Canadian Truckers Demonstration: A Day in the Life

In the early hours of Friday morning, Ottawa’s Ambassador Bridge was quiet, with few people in sight. Instead, the dull hum of tractor-trailers gently shook the streets surrounding the Parliament of Canada.

The Freedom Convoy has grown in strength and numbers since the movement began nearly three weeks ago by Canadian truckers protesting the country’s COVID-19 vaccine mandate.

“One of the biggest reasons is for the kids, and also for all the injustice that we’ve been through for the past two years,” protester and entrepreneur Danick Venne told FOX Business’ Jeff Flock.

“I’m sick of people trying to tell me they can vaccinate my children without my permission,” added a truck driver named David. “I’m sick of them canceling school when there’s no reason for it.”


David said the campaign is more important than truckers’ rights: “We haven’t even started talking about the carbon tax killing the trucking industry.”

Although not a truck driver himself, Venne said he traveled to volunteer for the cause, providing security, food, coffee, fuel, even helping to build a large wooden podium so voices can be heard loud and clear.

“I come here and I volunteer and I bring help and love to everyone,” Venne said, standing in front of red and white painted signs that read “Canada Loves Truckers,” “Freedom Heroes” and “One Love”.

“Whenever I have free time, I will help out,” he continued. “I’ll serve coffee if I can, or whatever I’ll do to help.”

Another group of non-truckers joined protesters in serving hot food on closed Ottawa roads, further testifying to the outpouring of community support.
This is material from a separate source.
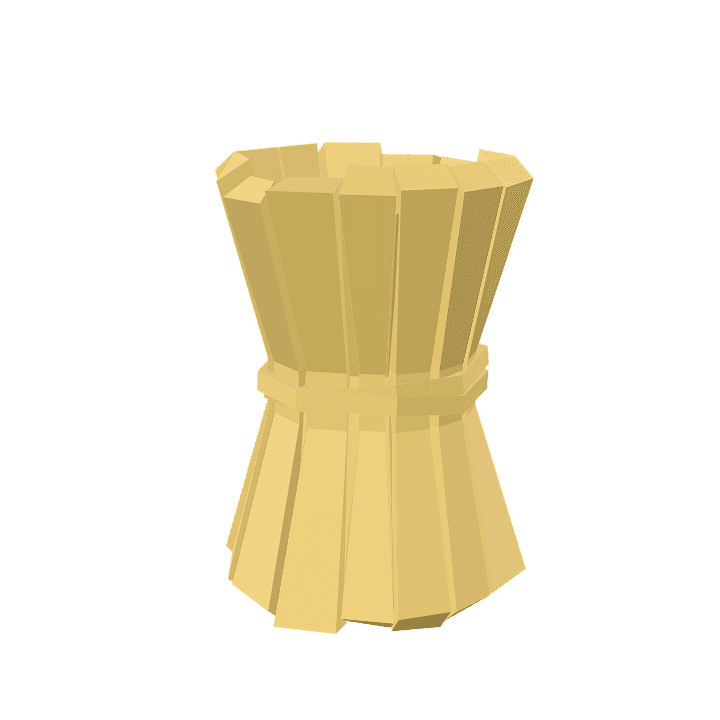 Hay, Farm, Agriculture 3D model. Free for use.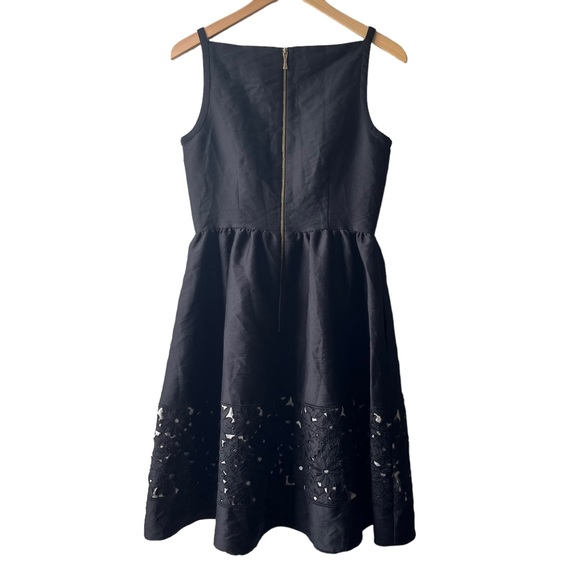 Kate Spade Black Sleeveless Lace Panel Fit and Flare Dress, Size: 6 - Picture 8 of 10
“We asked an officer to donate $600 worth of food,” one of the men said. “Ridgetown Tim Horton’s has supported us with Tim Cards to give out to people.”

While the Freedom Convoy protesters share a passionate community spirit, their continued blocking of bridges is beginning to create economic problems.

Ford and Stellantis, Chrysler’s parent company, say the four-day stop on the Ambassador Bridge, which connects Detroit to the city of Windsor, Ontario will add more problems to an already strained supply chain.

A truck moves after a breakthrough resolves the standoff where COVID-19 vaccine mandate protesters blocked the highway. (Jeff McIntosh/The Canadian Press via AP/AP Newsroom)

The disruptions have even forced Ford to reduce shifts at some of its US and Canadian plants.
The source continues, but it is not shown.